[29]

1K 199 65
                                    

SELAMLARRRR

.  .  .

tıpkı onun istediği gibi 'bosbol' malzemeli büyük boy bir pizza almış ve her zaman, iki gündür, geldiğimiz parka gelmiştik. hava oldukça güzel olmasına ve belki de buranın en güzel yeşilliğe sahip parkı olmasına rağmen şu an biz ve hemen ilerimizdeki yaşlı çiftten başka kimse yoktu.

"burayı çok sevdim."

söylediklerime bir karşılık gelmeyince kaşları çatık bir şekilde elindeki defteri okuyan Yeonjun'a döndüm, pizzasından büyük bir ısırık alırken söyleniyordu.

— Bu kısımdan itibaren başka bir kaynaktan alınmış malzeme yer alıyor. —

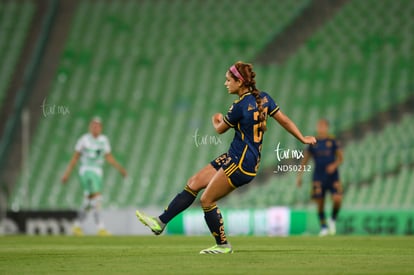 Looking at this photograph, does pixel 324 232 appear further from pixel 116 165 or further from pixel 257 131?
pixel 257 131

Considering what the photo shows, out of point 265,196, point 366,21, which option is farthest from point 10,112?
point 366,21

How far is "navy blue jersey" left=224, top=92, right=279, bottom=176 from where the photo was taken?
10938 millimetres

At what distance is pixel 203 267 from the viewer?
9.27m

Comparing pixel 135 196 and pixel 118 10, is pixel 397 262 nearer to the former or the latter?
pixel 135 196

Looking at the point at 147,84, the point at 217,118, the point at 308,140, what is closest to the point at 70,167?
the point at 147,84

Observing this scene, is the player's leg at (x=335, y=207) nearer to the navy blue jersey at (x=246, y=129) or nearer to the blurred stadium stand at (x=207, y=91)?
the blurred stadium stand at (x=207, y=91)

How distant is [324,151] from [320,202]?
39.8 inches

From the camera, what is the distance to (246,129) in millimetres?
11055

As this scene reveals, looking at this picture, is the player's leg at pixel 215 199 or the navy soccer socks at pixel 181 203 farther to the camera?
the navy soccer socks at pixel 181 203

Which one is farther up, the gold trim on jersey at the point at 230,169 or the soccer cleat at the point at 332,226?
the gold trim on jersey at the point at 230,169

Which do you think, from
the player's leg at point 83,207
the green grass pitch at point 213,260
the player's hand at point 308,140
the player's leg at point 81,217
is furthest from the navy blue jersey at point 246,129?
the player's leg at point 81,217

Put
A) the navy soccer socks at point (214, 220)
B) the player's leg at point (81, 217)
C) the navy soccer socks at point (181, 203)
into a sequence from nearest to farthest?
1. the navy soccer socks at point (214, 220)
2. the navy soccer socks at point (181, 203)
3. the player's leg at point (81, 217)

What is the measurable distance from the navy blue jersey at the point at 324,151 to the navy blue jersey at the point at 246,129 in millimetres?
8326

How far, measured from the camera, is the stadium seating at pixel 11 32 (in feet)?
93.5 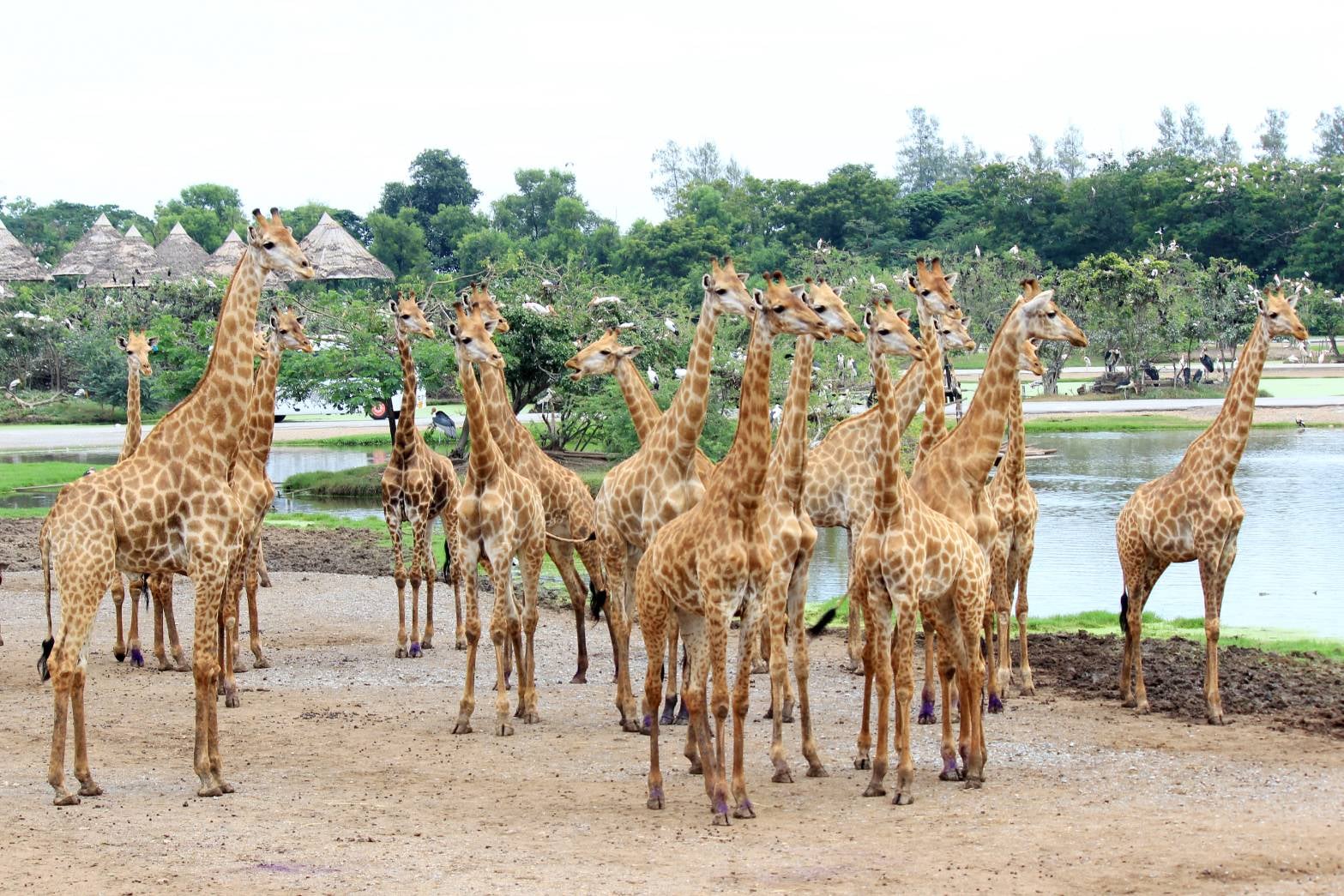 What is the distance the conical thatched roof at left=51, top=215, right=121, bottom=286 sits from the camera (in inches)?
2559

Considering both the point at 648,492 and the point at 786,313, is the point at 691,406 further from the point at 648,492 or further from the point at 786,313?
the point at 786,313

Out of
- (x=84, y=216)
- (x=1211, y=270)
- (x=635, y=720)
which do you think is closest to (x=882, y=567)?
(x=635, y=720)

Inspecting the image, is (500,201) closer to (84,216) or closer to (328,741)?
(84,216)

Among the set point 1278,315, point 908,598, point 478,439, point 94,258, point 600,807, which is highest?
point 94,258

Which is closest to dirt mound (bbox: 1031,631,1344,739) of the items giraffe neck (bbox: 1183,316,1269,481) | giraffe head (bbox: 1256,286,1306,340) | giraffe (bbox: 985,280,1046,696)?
giraffe (bbox: 985,280,1046,696)

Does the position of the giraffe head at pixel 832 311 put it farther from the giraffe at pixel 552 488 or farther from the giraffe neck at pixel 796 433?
the giraffe at pixel 552 488

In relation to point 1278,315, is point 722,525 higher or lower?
lower

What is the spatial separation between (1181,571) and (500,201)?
7631 cm

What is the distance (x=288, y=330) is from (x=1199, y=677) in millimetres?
8844

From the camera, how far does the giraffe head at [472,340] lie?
11.4m

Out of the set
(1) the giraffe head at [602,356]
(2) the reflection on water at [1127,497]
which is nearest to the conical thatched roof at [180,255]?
(2) the reflection on water at [1127,497]

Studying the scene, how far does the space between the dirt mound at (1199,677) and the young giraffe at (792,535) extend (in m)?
3.48

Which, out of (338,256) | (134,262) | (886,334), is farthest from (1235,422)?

"ne kadar kırıcı bir insansın Soobin ya!"

spriteını açıp eline tutuştururken, "ne yaptım yine ya!" diye sitem ettim, defteri okumaya başladığından beri onu hiç tanımıyorken yazdığım mesajlar yüzünden bana kızıyor ve küsüyordu.

"sana korkuyorum diyorum tamam mı," konuşmaya devam etmeden önce elindeki içecekten bir yudum aldı, "sen de bana diyorsun ki şu ana kadar bir şey olmadıysa şimdi de olmaz."

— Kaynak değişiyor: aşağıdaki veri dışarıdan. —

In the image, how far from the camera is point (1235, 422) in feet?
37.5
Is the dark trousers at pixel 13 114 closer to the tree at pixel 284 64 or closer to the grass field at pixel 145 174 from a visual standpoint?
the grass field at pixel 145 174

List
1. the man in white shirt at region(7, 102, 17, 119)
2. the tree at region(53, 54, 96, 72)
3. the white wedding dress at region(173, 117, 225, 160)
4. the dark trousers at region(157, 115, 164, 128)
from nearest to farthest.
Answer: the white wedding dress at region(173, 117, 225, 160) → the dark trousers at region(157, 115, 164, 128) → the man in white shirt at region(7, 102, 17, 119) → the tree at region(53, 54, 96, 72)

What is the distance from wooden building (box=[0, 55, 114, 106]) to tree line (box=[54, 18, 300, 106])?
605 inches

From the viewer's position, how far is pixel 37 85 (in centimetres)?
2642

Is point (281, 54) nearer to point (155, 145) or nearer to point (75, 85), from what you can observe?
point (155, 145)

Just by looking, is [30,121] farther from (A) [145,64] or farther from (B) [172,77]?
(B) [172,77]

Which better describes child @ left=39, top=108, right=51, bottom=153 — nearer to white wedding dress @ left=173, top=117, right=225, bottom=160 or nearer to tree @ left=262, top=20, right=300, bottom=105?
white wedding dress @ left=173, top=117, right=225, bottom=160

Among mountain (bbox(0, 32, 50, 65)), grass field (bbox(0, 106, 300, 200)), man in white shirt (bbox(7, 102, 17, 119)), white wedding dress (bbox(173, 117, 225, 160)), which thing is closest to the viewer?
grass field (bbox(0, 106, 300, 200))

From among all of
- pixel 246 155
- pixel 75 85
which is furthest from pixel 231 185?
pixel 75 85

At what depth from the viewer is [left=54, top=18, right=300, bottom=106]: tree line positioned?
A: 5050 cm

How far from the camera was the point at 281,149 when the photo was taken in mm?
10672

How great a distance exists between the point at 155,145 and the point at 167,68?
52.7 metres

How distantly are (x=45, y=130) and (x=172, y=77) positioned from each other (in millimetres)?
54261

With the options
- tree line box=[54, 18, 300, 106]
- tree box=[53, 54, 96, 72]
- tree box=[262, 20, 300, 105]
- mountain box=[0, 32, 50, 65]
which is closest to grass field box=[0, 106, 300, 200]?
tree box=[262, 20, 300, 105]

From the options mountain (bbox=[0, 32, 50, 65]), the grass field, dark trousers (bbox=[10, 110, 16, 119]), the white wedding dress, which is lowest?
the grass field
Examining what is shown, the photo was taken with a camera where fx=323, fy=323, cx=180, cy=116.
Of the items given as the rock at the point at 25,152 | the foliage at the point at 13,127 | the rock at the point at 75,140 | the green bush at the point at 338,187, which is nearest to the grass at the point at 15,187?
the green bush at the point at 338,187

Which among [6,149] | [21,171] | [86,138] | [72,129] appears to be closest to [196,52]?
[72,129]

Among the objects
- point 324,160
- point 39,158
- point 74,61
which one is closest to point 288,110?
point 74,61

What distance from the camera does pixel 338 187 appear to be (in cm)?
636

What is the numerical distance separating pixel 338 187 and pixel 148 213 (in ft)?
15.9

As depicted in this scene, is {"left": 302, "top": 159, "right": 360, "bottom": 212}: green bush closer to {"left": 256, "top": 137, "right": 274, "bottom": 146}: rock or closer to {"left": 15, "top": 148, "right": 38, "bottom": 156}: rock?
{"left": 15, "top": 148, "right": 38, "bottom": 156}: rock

"e sonuç olarak hiçbir şey olmadı öyle değil mi?"

"sus!"

"okuma artık bence sen bu defteri bir tanem, ha?"

bir süre önce bana küsüp benden uzaklaşmak için gidip yaslandığı ağaca doğru yaklaştım ve kafamı omzuna koyup kollarımı bedenine sarmaladım, ben yanına gelince nefes alış ve verişlerinin hızlandığını hissedebiliyordum.

"bir de gidip Taehyun'a aşık oldun Soobin! inanamıyorum sana ya!"

"ya onları ciddiye mi alıyorsun gerçekten Yeonjun?"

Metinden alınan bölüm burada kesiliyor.